LINCOLN: Well the last shot you see of him and the boy is a boy shocked by the decision he makes – to bring in the people from Woodbury. So these are two people that are very much at odds. They do a really smart thing…I don’t know if I can talk about it, but they do a really smart thing. Stay tuned.
Chad, it seems that just as many people are defined by their experiences on the show as they’re defined by the people around them. How much do you feel that Tyreese is changing or is going to change now that he’s a core member of the group?
COLEMAN: Conflict makes drama, that’s what’s compelling. To see people wrestling with something so I hope you’ll have an opportunity to witness this man wrestle with the rules of engagement around him and where he fits in in that world and just his own inner – I think he seems to me to have a profound belief in non-violent conflict resolution. How does that really fit in a claustrophobic world? I believe you’ll see him tested and no one goes unscathed.
LINCOLN: Am I allowed to talk about – if I said that episode 3 he does some of the magnificent work – I’ve said it now.
It was recently said that a big part of season four was going to be seeing that the zombies are not a manageable threat. What are your thoughts about that? What was your experience this time around with making zombies scarier and a bigger threat?
LINCOLN: They’re behaving different ways.
HURD: Last season we actually had a tagline that we lived up to, “Fight the dead, fear the living” and that was what we did last season. This season there are threats from within, there are threats from without and there are walkers in both worlds.
LINCOLN: There’s some amazing moments that have nothing to do – I’ve read in a couple of the scripts…I’m not allowed to say this, but I’m going to try and say it in a really delicate way – there are ways that I found more horrifying when I read the scripts for this season that have nothing to do with conflict or zombies, and they’re incredibly harrowing, frightening and horrifying. And it’s a departure in as much as the pressure that’s put on the group is a new pressure. They’ve been very witty and very smart in adding that texture, that flavor, that horror element back into the show.

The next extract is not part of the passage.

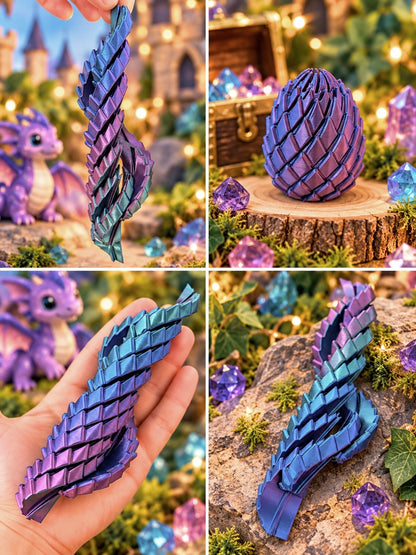 Twisty Dragon Egg Fidget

HURD: And you referenced that shot in the promo of Tyreese, and he’s surrounded, it’s not like “Oh, they’re manageable. Oh, no problem.” We really never got there last season, that wasn’t the point of last season, but this season there’s no safety in the world of the humans or the world of the dead.

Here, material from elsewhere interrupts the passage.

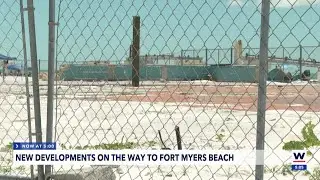 Fort Myers Beach sees clear waters as Lake Okeechobee levels decline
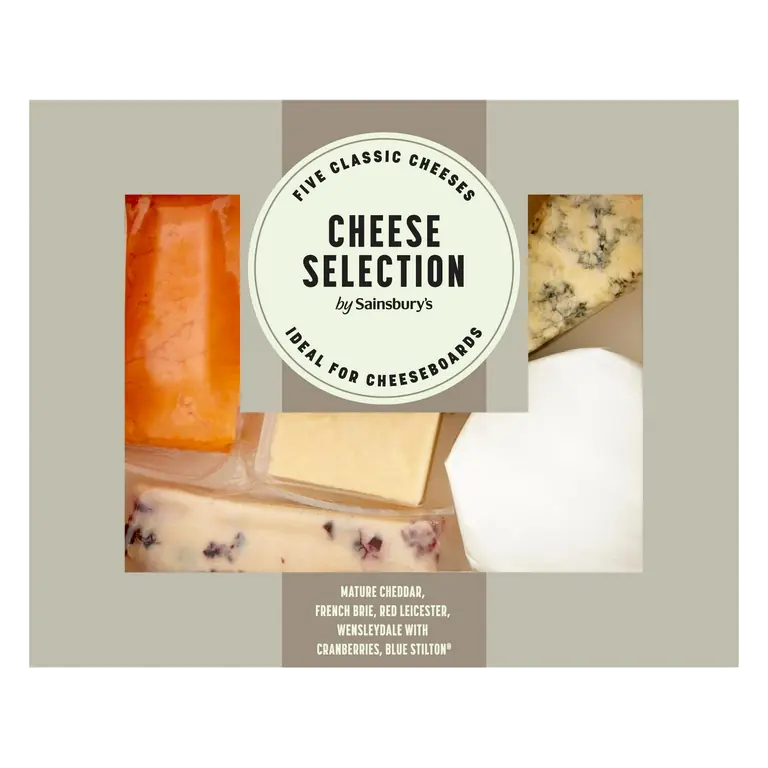 Favourite Cheese Selection 456g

DAVID ALPERT: I think there’s a fundamental tension in that it’s easy to be away from the zombies when you’re moving. As long as you’re moving, we saw Michonne kind of be able to do that when she was on her own, but you can’t put down roots, you can’t have any form of a life so there’s a constant tension between wanting to be emotionally fulfilled and moving to stay ahead of them. And also trying to reestablish civilization, try to have some sense of normalcy, try to live a life. But as you have that sense of normalcy you become a bigger and bigger target.
How has the Rick and Tyreese relationship changed?

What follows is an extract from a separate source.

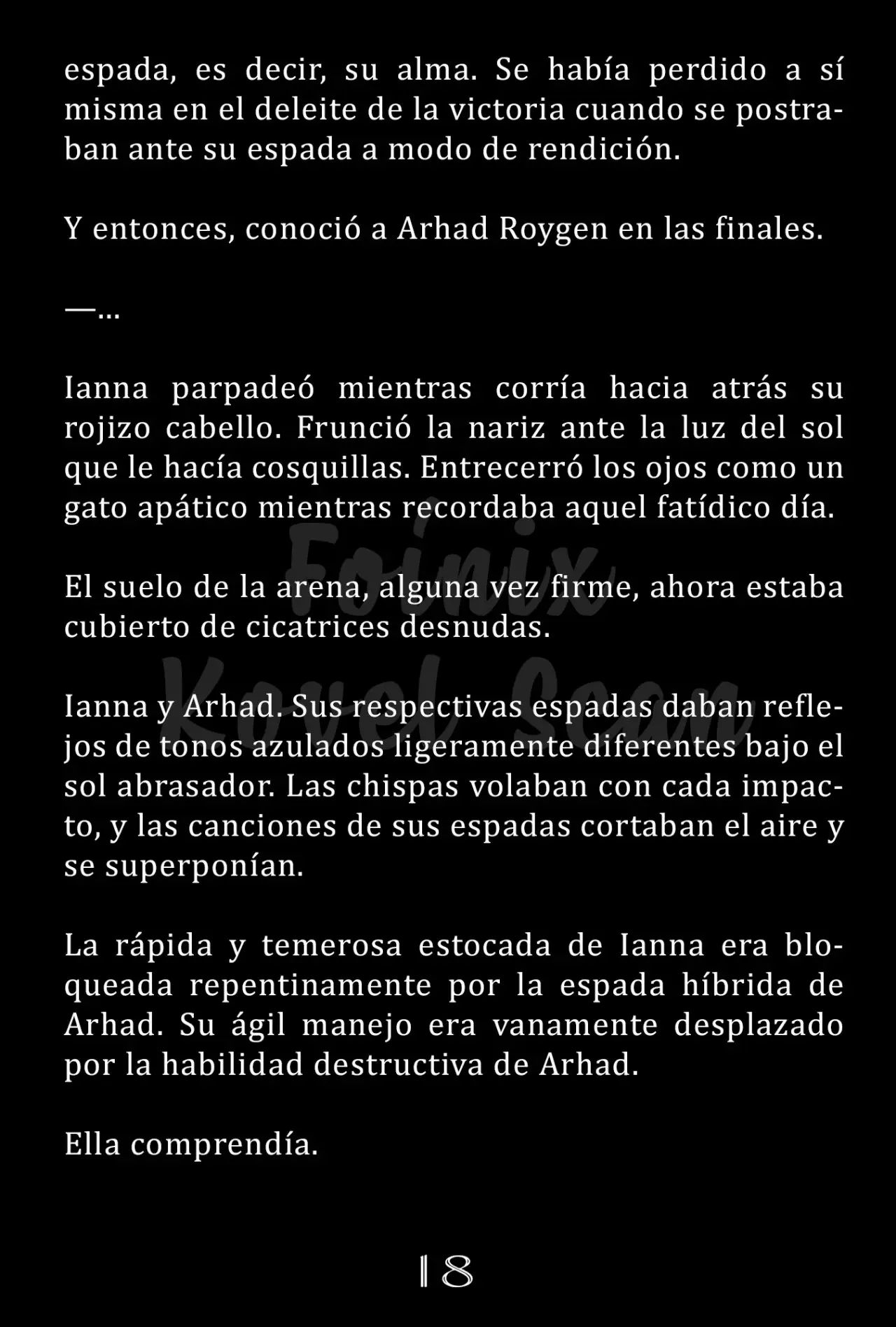ADONIS (Novela) (2016) - Capítulo 1.2 - Página 19 - LectorTMOo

HURD: You know, you’ve got two alpha males.
LINCOLN: Three alpha males. Two’s easier to manage. You see that with kids. When three are in a group it gets complicated. I think that’s an interesting triangle, these three alpha males in this closed community. And with the added pressures that we’re not allowed to talk about, it’s a very combustible mix.
COLEMAN: Totally. Really intense, and really intense actors who love complexity and that’s what you want on your plate.